‘Eavesdropper’ vulnerability strikes hundreds of mobile apps using Twilio

Careless coding by mobile developers using Twilio’s application programming interface (API) has left hundreds of enterprise communication apps vulnerable to snooping and monitoring, security researchers revealed Thursday.

Apps impacted by the newly-named Eavesdropper vulnerability total nearly 700, including one used for secure communications by a federal law enforcement agency, according to research from the Appthority Mobile Threat Team.

Others affected include an app that enables enterprise sales teams to record audio and annotate discussions in real-time, and branded white label navigation apps for customers such as AT&T and U.S. Cellular. More than 170 affected and vulnerable apps are currently live in app stores today, Appthority says.

Downloads of vulnerable Android apps total 180 million. Vulnerable apps expose historic and current data including calls, call records, call audio recordings, and SMS and MMS text messages, according to Appthority.

Twilio says there’s no evidence the issue has been exploited in the wild.

“Eavesdropper is caused by developers carelessly hard-coding their credentials into mobile applications,” reads a release from Appthority.

A spokesman for Twilio told CyberScoop that hard-coding API credentials “is a poor coding practice, well-known to both the security and API industries.

“We’ve discouraged this practice for some time throughout our documentation and developer outreach,” said the company’s Senior Public Relations Manager Trak Lord, adding that the apps affected were “a very small fraction” of Twilio accounts, and that many “had long been decommissioned by their developers.”

The company has reached out to all developers with affected apps, he said and is working “to rotate their API keys and implement secure solutions.”

Appthority’s report notes that “developers who hard code credentials in one service have high propensity to make the same error with other services, such as between app tools, in this instance, and data storage like Amazon S3.”
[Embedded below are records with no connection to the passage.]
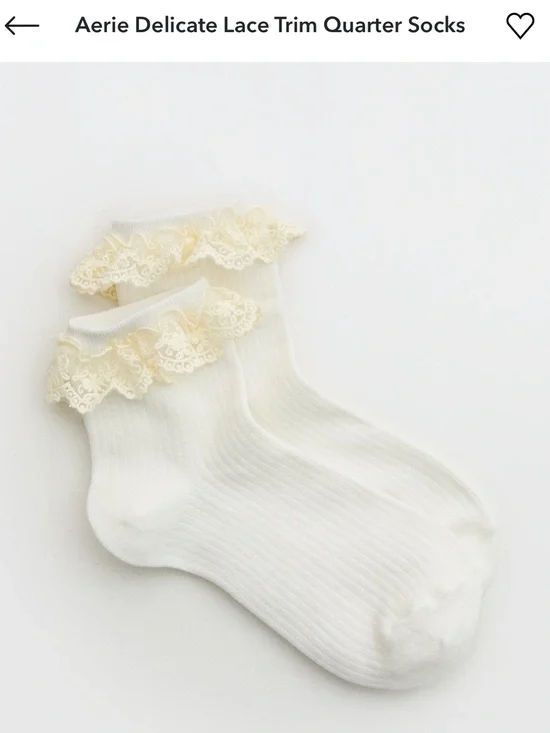 NWT ruffle socks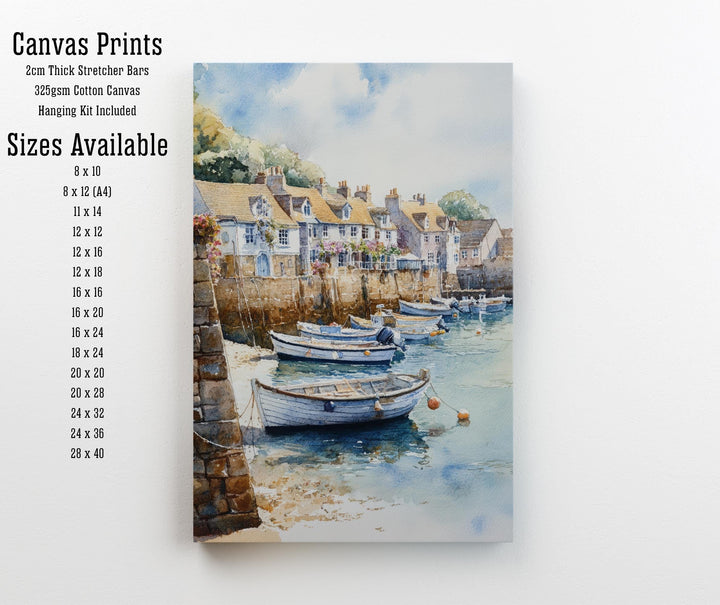 Bristol Watercolor Painting UK City Art Bristol Print Scenic Bristol Decor Waterfront Art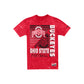 Ohio State Buckeyes Throwback Washed T-Shirt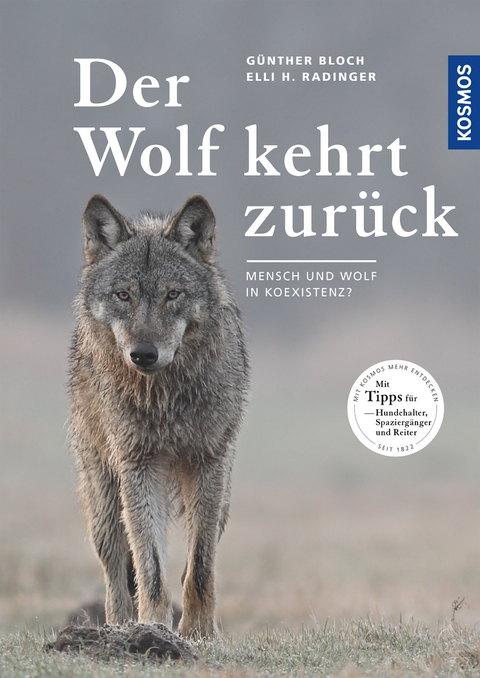 Der Wolf kehrt zur&uuml;ck - G&uuml;nther. Bloch, Elli H. Radinger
“Eavesdropper poses a serious enterprise data threat because it allows an attacker to access confidential company information, which may include a range of sensitive information often shared in an enterprise environment, such as negotiations, pricing discussions, recruiting calls, product and technology disclosures, health diagnoses, market data or M&A planning,” said Seth Hardy, Appthority director of security research.

“An attacker could convert recorded audio files to text and search a massive data set for keywords and find valuable data,” added Hardy.

Appthority researchers first discovered the Eavesdropper vulnerability in April and notified Twilio in July about the exposed accounts.